The operation you want here is a Zip to pair up corresponding elements in your two sequences of books. That operator is being added in .NET 4.0, but we can fake it by using Select to grab the books' indices and joining on that:
var res = from b1 in xml1.Descendants("book")
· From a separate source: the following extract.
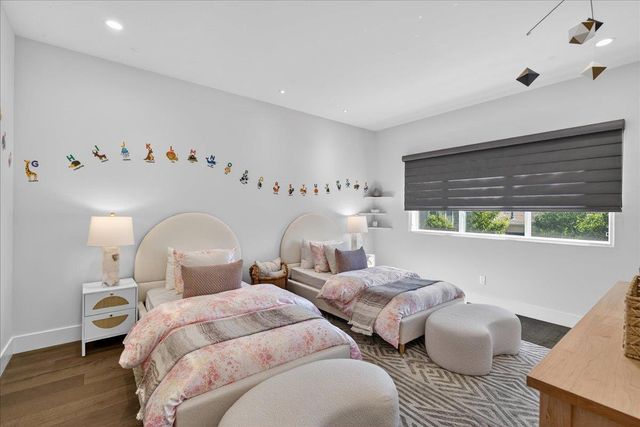 10200 Empire Avenue, Cupertino, CA 95014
.Select((b, i) => new { b, i })
join b2 in xml2.Descendants("book")
.Select((b, i) => new { b, i })
on b1.i equals b2.i
We'll then use a second join to compare the values of attributes by name. Note that this is an inner join; if you did want to include attributes missing from one or the other you would have to do quite a bit more work.
select new
{
Row = b1.i,
Diff = from a1 in b1.b.Attributes()
join a2 in b2.b.Attributes()
on a1.Name equals a2.Name
where a1.Value != a2.Value
select new
{
Name = a1.Name,
Value1 = a1.Value,
Value2 = a2.Value
}
};
The result will be a nested collection:
foreach (var b in res)
{
Console.WriteLine("Row {0}: ", b.Row);
foreach (var d in b.Diff)
Console.WriteLine(d);
}
Or to get multiple rows per book:
var report = from r in res
from d in r.Diff
select new { r.Row, Diff = d };
foreach (var d in report)
Console.WriteLine(d);
Which reports the following:
{ Row = 0, Diff = { Name = image, Value1 = C01, Value2 = C011 } }
{ Row = 1, Diff = { Name = name, Value1 = ASP.NET, Value2 = ASP.NET 2.0 } }
{ Row = 3, Diff = { Name = id, Value1 = 20507, Value2 = 20508 } }
For fun, a general solution to grega g's reading of the problem. To illustrate my objection to this approach, I've introduced a "correct" entry for 'PowerShell in Action'.
string s1 = @"<Books>
<book id='20504' image='C01' name='C# in Depth'/>
<book id='20505' image='C02' name='ASP.NET'/>
<book id='20506' image='C03' name='LINQ in Action '/>
<book id='20507' image='C04' name='Architecting Applications'/>
<book id='20508' image='C05' name='PowerShell in Action'/>
</Books>";
string s2 = @"<Books>
<book id='20504' image='C011' name='C# in Depth'/>
<book id='20505' image='C02' name='ASP.NET 2.0'/>
<book id='20506' image='C03' name='LINQ in Action '/>
<book id='20508' image='C04' name='Architecting Applications'/>
<book id='20508' image='C05' name='PowerShell in Action'/>
</Books>";
XDocument xml1 = XDocument.Parse(s1);
XDocument xml2 = XDocument.Parse(s2);
var res = from b1 in xml1.Descendants("book")
from b2 in xml2.Descendants("book")
let issues = from a1 in b1.Attributes()
join a2 in b2.Attributes()
on a1.Name equals a2.Name
select new
{
Name = a1.Name,
Value1 = a1.Value,
Value2 = a2.Value
}
where issues.Any(i => i.Value1 == i.Value2)
from issue in issues
where issue.Value1 != issue.Value2
select issue;
Which reports the following:
{ Name = image, Value1 = C01, Value2 = C011 }
{ Name = name, Value1 = ASP.NET, Value2 = ASP.NET 2.0 }
{ Name = id, Value1 = 20507, Value2 = 20508 }
{ Name = image, Value1 = C05, Value2 = C04 }
{ Name = name, Value1 = PowerShell in Action, Value2 = Architecting Applications }
Note that the last two entries are the "conflict" between the 20508 typo and the otherwise correct 20508 entry.